Why metrics, not pings

The case for metric-based status over availability pings.

Most status page tools assert availability with periodic pings: a GET request every 60 seconds against a public endpoint, with a green check when the response code is 2xx. Observer's default is to compute status from metrics you already collect, with pings as one source among many. The reasoning:

Pings only see the public envelope

A ping confirms a single endpoint accepted a single request at a single moment. It does not see:

  • The error rate served to actual customers in the last five minutes.
  • The 95th percentile latency under real load.
  • The depth of an internal queue draining slower than its inflow.
  • A degraded backend that has been masked by retries upstream.

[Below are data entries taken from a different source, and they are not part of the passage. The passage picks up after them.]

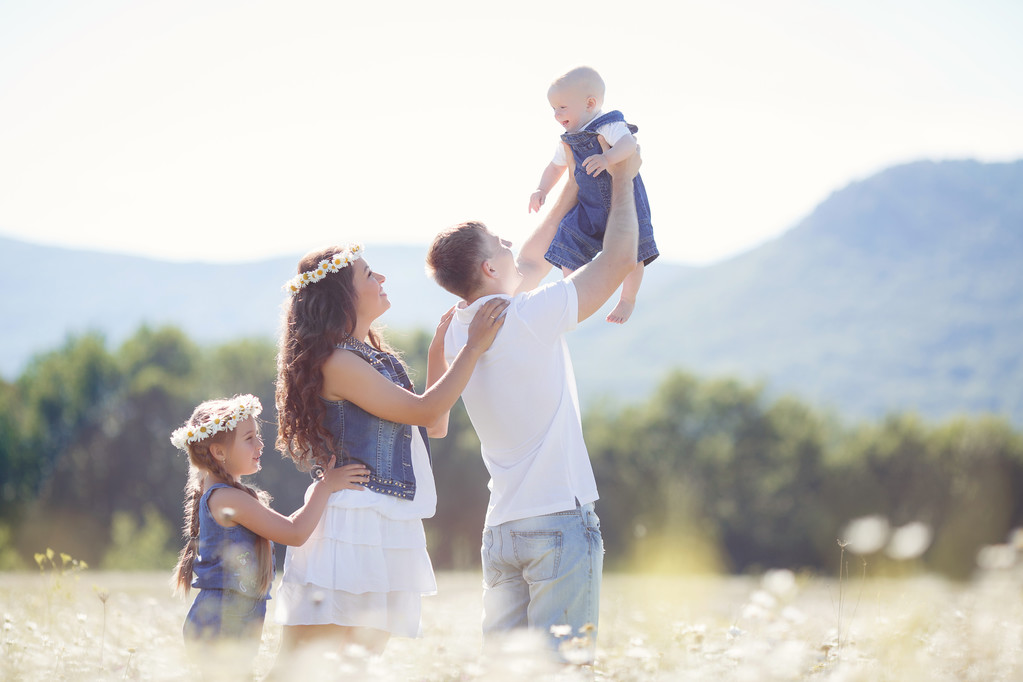 Šťastná rodina na poli kvetoucí sedmikrásky - Fotografie, Obrázek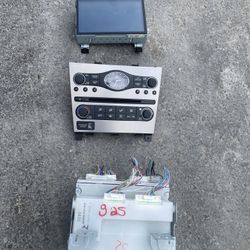 2011 Infiniti G25 Sedan Radio Stereo Control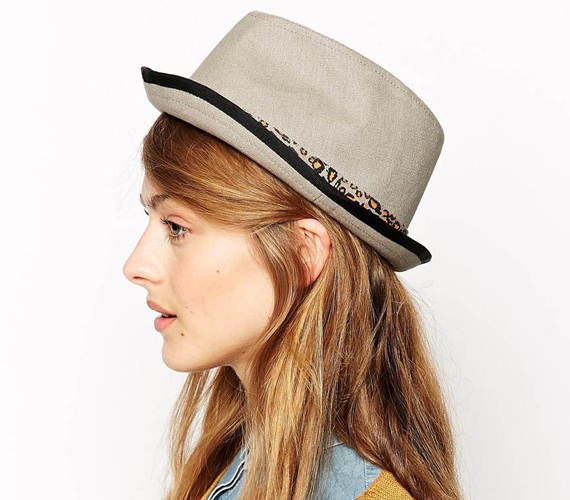 A hipszter stílus egyik alapkelléke a kalap. /Forrás: asos.com/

A page that reads green from pings while customers are filing support tickets is the standard failure mode of ping-based status.

Metrics see the actual signal

Observer's primary data source is your own metrics: Prometheus queries, HTTP probes that include body checks, TCP connection times, DNS resolution times, TLS certificate expiry. The status the public page shows is computed from the same numbers your on-call team already trusts on the internal Grafana dashboard.

The result: when customers see red, the on-call's dashboard shows the same red, with the same threshold semantics. There is no gap.

Pings still have a place

For systems that do not emit metrics (third-party APIs, public DNS, certificates issued by external CAs), the agent supports HTTP, TCP, DNS, and TLS-cert probes directly. These produce a metric in the same shape as a Prometheus query: a numeric value with a timestamp, evaluated against thresholds.